Des relations américano-turques en dent de scie sous le mandat de D. Trump
D. Trump a souvent fait l’éloge de l’efficacité de R. Erdogan à gouverner sa nation, occultant consciemment les transgressions des droits de l’Homme en Turquie (répression de la liberté d’expression, arrestations arbitraires de journalistes et d’opposants politiques, destitution de maires kurdes démocratiquement élus). Malgré le fait que D. Trump n’ait eu de cesse de répéter à qui voulait l’entendre que les relations entre la Turquie et les États-Unis – et surtout lui – étaient au beau fixe, de multiples crises entre les deux Etats ont jalonné le mandat de D. Trump. Cependant, le putsch manqué en Turquie en 2016 a sévèrement détérioré les relations entre les deux pays et donc entre les deux chefs d’État. Un autre désaccord a vu le jour également au sujet de la milice des unités de protection du peuple syro-kurde (YPG) qualifiée d’organisation terroriste par Ankara mais soutenue par Washington dans la lutte contre l’État islamique en Syrie. De même, lorsqu’un pasteur américain avait été emprisonné en Turquie pour espionnage, D. Trump avait menacé de détruire l’économie turque en guise de représailles s’il n’était pas relâché, ce qui avait précipité le décrochage de la livre turque en 2018. Également, l’épée de Damoclès pesant sur la banque publique turque Halkbank pour l’accusation de fraude, blanchiment d’argent de plusieurs dizaines de milliards de dollars et entraves aux sanctions américaines contre l’Iran est venue intensifier les tensions entre les deux Etats. Enfin, le vote d’approbation de la qualification de génocide, par la Chambre des représentants des États-Unis, en 2019, concernant le génocide de deux millions d’arméniens par l’Empire ottoman a remis de l’huile sur le feu.

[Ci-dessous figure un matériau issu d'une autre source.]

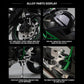 HTLNUZD 1/6 Scale H2R Alloy Diecast Motorcycle with Sound & Light Features High Gloss Spray Finish Rubber Tires Premium Collectible Gift (Diamond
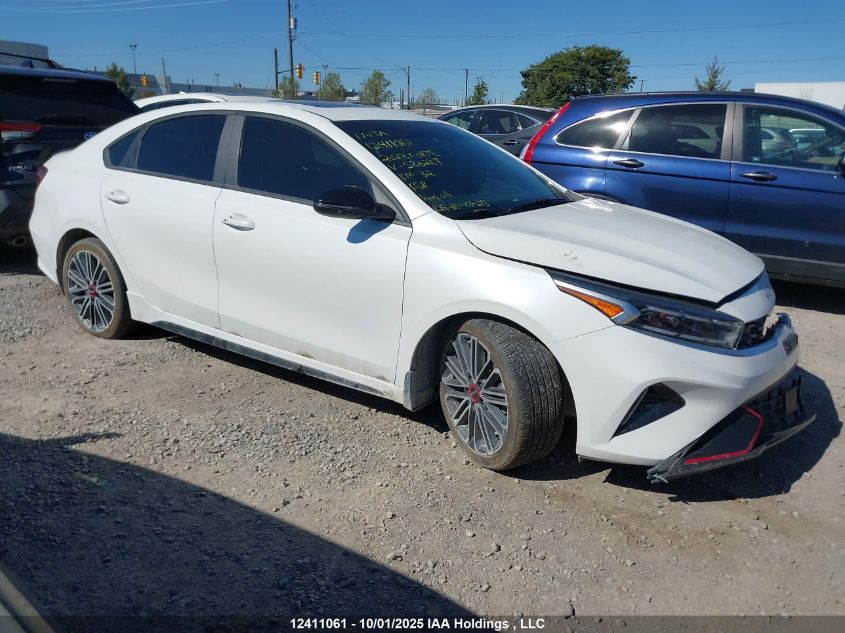 2023 Kia Forte VIN: 3KPF44AC3PE586287 Lot: 12411061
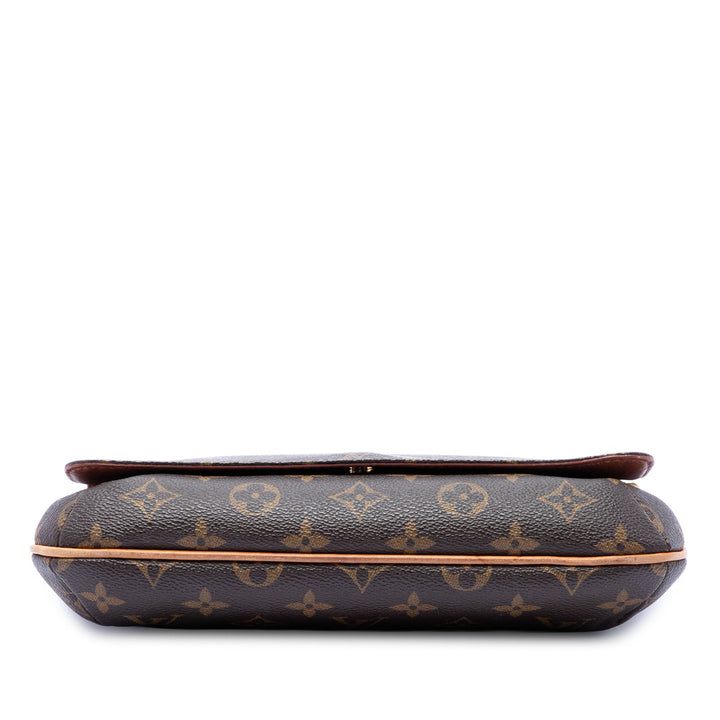 Musette Tango Short Monogram Marron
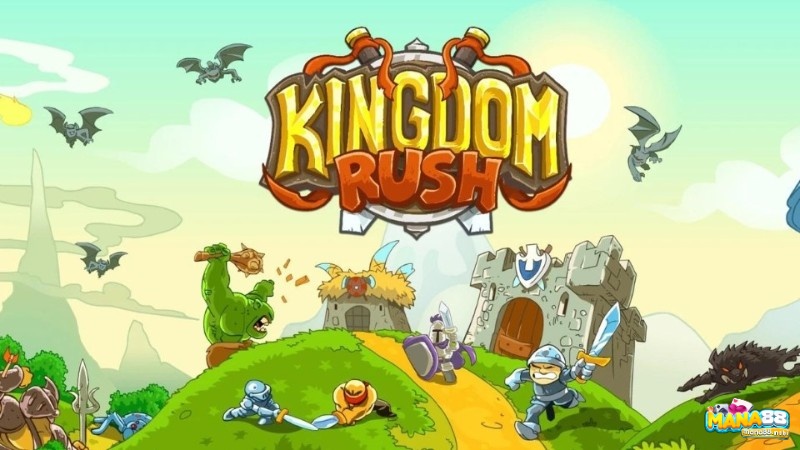 Kingdom Rush tạo điểm nhấn nhờ nhịp độ trận đấu hợp lí và cách thiết kế quái cực kì khó lường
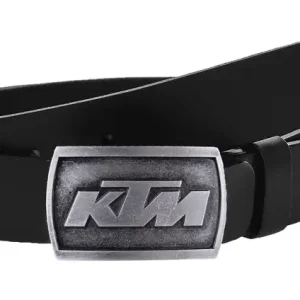 Top Prodej Kožený moto opasek se sponou KTM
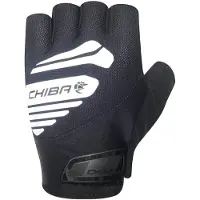 Chiba - fietshandschoen - Air Plus Reflex - Zwart - maat S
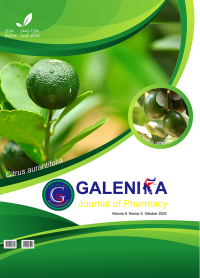 Jurnal Farmasi Galenika (Galenika Journal of Pharmacy) Volume 9, No 2, 2023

La dernière crise turco-américaine en date
Une autre affaire est venue dégrader un peu plus l’entente entre les deux pays : celle des missiles russes S-400. Une nouvelle fois et contrairement à leur ligne de conduite envers l’Iran, les États-Unis se sont montrés relativement indulgents dans leurs sanctions à l’encontre de la Turquie pour son acquisition d’un système de défense anti-aérienne russe. Les sanctions se limitent ainsi à la mise au ban de la Turquie du programme de développement de l’avion de combat furtif américain F-35 malgré les importants investissements d’Ankara, à l’interdiction de nouvelles exportations d’armes par le gouvernement turc et l’interdiction pour les dirigeants de la société d’État SSB de séjourner sur le sol américain, en vertu de l’article 231 de la loi CAATSA (Countering America’s Adversaries Through Sanctions Act) en date de 2017. Cette loi prévoit, entre autres, des sanctions automatiques dès qu’un pays opère une transaction substantielle avec le secteur de l’armement russe. Ces sanctions attendues depuis longtemps mais dont l’application a mis du temps à être tranchée par l’administration américaine, notamment en raison du gel de leur annonce par D. Trump au nom de son amitié avec le dirigeant turc, ont donc été annoncées par le Département d’État américain le 14 décembre dernier soit à un peu plus d’un mois de l’expiration du mandat présidentiel de D. Trump. Le 4 décembre, le Congrès Américain avait en effet contraint l’exécutif à mettre en œuvre ces sanctions dans un délai de 30 jours suivant l’adoption du budget 2021 du Pentagone. Ces sanctions a minima ont été reçues avec soulagement par les dirigeants turcs car cela a permis de préserver l’économie turque chancelante. Ces sanctions ont l’air d’avoir été d’ailleurs spécialement confectionnées pour limiter leur impact sur l’économie turque et les marchés ainsi que pour préserver les relations entre les deux puissances. D’ailleurs, la terminologie utilisée dans le texte officiel de sanctions démontre la volonté américaine de poursuivre une coopération puisque la Turquie est décrite comme un « allié précieux » et « partenaire important des États-Unis pour la sécurité régionale ».
La perte de l’ami Trump
Malgré d’importantes crises entre les deux pays, le lien personnel entre les deux hommes a permis de conserver de bonnes relations entre les deux pays. Ainsi, le président turc n’a pas accueilli la victoire de J. Biden avec le sourire. Après s’être abstenu de commenter cette victoire, le président turc a fini par lui adresser ses félicitations en ajoutant qu’il espérait un renforcement des relations entre Ankara et Washington. J. Biden avait déjà donné son avis sur le président turc en décembre 2019 dans un entretien accordé au New York Times, le qualifiant d’ « autocrate » et en soulignant son envie d’enhardir les rivaux du dirigeant turc pour qu’ils ne le battent « pas par un coup d’État, mais par le processus électoral ». Ankara avait alors réagi à ses propos en dénonçant vivement « l’ignorance pure, l’arrogance et l’hypocrisie » de J. Biden. Ainsi, de même que la question iranienne, le dossier turc est dans le collimateur du 46ème président des États-Unis. Ankara craint donc un durcissement du ton de la maison blanche.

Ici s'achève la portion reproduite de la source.